1. Buka konten
  2. Buka menu utama
  3. Buka situs DW lainnya

Sikap Militer Akan Tentukan Masa Depan Mesir

31 Januari 2011

Kelompok militer akan mainkan peran kunci dalam perkembangan politik di Mesir. Kelanjutan krisis politik ini sulit diperkirakan. Barat tidak secara langsung minta Mubarak mundur, tapi posisinya sulit dipertahankan.

Tentara Mesir berjaga sambil membaca koran di KairoFoto: dapd

Menanggapi situasi di Mesir, harian Perancis Le Figaro menulis:

Sekalipun membantah segala bentuk campur tangan, pemerintahan negara-negara Barat ingin adanya sebuah transisi di Mesir. Tentunya sebuah transisi yang berjalan lancar, yang tidak menggangu stabilitas di Mesir dan tetap bisa menjaga keseimbangan regional. Prasyarat untuk kondisi itu adalah, bahwa militer memainkan peran utama dan menjamin kelangsungan negara Mesir, sesuai dengan panggilan sejarahnya. Tapi ini berarti, bahwa Husni Mubarak, aliansi strategis Barat di Timur Tengah, tidak perlu dipertahankan lagi. Mempertahankan Mubarak di kursi kekuasaan sudah bukan prioritas lagi.

Harian Belanda de Volkskrant juga menyoroti peran militer dalam krisis di Mesir. Harian ini menulis:

Pimpinan militer akan memikirkan secara pragmatis, apa yang perlu dilakukan untuk mengembalikan ketertiban dan keamanan di negara itu. Pada akhirnya, yang harus menjalankan tugas ini adalah para serdadu. Dan mereka tentu punya sahabat dan kerabat di pihak lain. Jadi tentara tidak bisa begitu saja dijadikan instrumen penindasan. Selain itu, para perwira tinggi punya hubungan erat dengan Amerika Serikat. Tidak perlu diragukan lagi, sekalipun Amerika Serikat secara formal tidak meninggalkan Mubarak, namun di belakang layar, Washington mengupayakan langkah reformasi yang akan mengakhiri kekuasaan otokratis Mubarak.

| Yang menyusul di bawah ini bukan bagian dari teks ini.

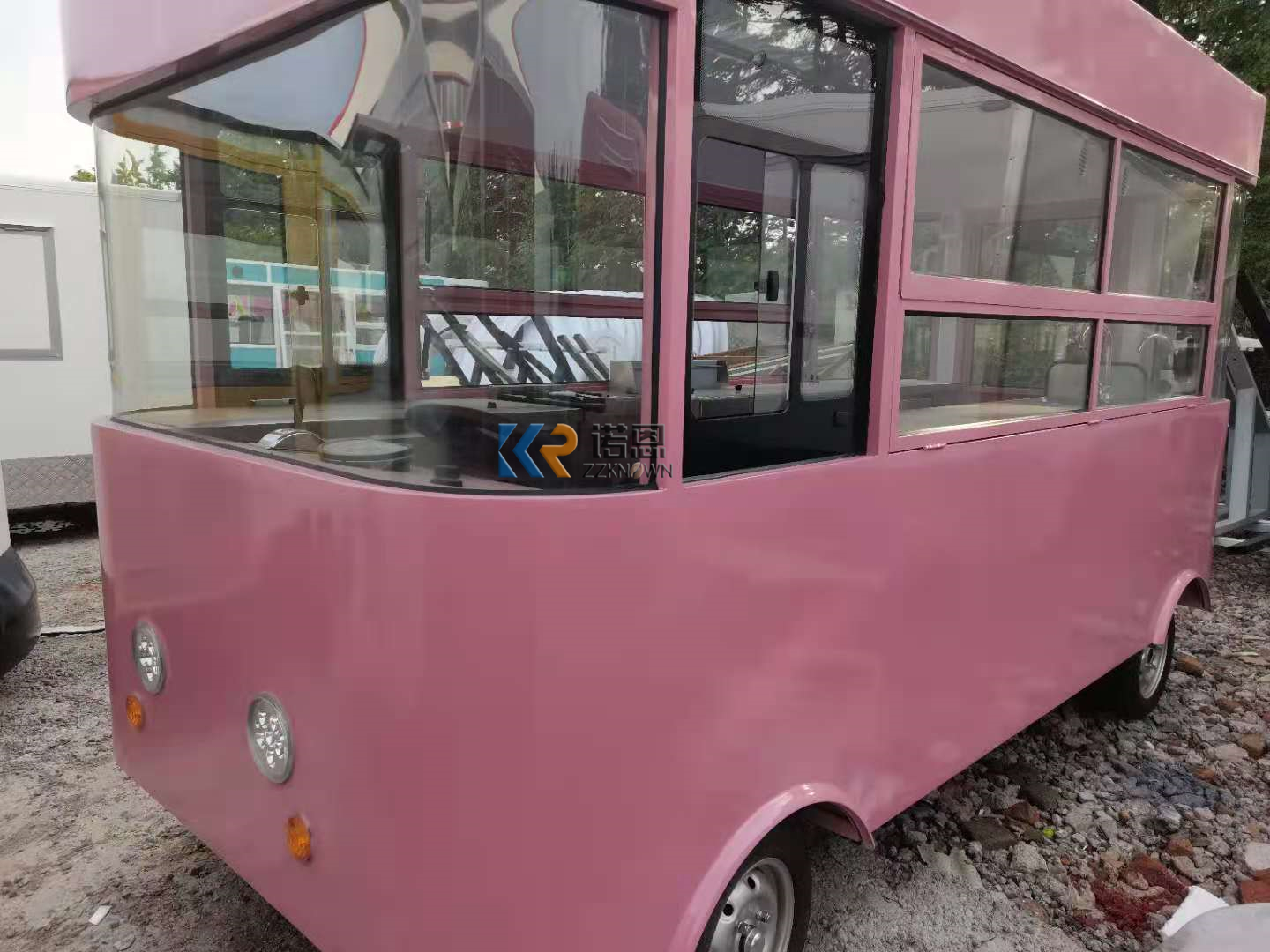 In Stock 4M Mobile Food Truck  - Coffee Tea Van 评论和价格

Harian Italia La Reppubblica berkomentar:

Ini adalah peluang bersejarah. Yang penting sekarang, bagaimana memecahkan lingkaran kemiskinan, frustasi, kekerasan polisi dan terorisme di negara Arab yang terpenting secara strategis. Situasi di Mesir bisa membuat seluruh kawasan Afrika Utara dan Timur Tengah jadi tidak stabil. Keberhasilan gerakan revolusi bisa merintis perubahan menuju sebuah Mesir yang normal, dengan kekuasaan politik yang memiliki legitimasi dari rakyatnya. Percikan api berawal dari Tunisia, dan ini menunjukkan, bahwa kawasan selatan Laut Tengah bisa berubah. Menuju situasi yang lebih baik, dengan standar kebebasan dan demokrasi.

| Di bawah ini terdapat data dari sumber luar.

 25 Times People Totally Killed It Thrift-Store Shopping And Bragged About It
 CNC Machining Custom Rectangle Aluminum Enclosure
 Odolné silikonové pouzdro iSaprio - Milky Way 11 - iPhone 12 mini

Harian Jerman Frankfurter Rundschau juga menyoroti dampak aksi protes di Mesir pada situasi di Timur Tengah:

Perdana Menteri Israel Benyamin Netanjahu sering dan senang membicarakan masalah defisit demokrasi di dunia Arab. Ia bahkan menganggap, inilah hambatan terbesar bagi perjanjian perdamaian antara Israel dan Palestina. Memang masih belum jelas, apakah pada akhir aksi protes di Mesir akan muncul pemerintah yang lebih demokratis dan lebih memperhatikan hak asasi manusia daripada pemerintah sebelumnya. Namun perkembangan ini menyimpan peluang, juga untuk Israel. Yang paling baik adalah, jika Israel bersedia mengubah politiknya dan mengakhiri pendudukan. Runtuhnya rejim Mubarak menunjukkan satu hal: tidak ada masa depan yang bisa dibangun di atas penindasan.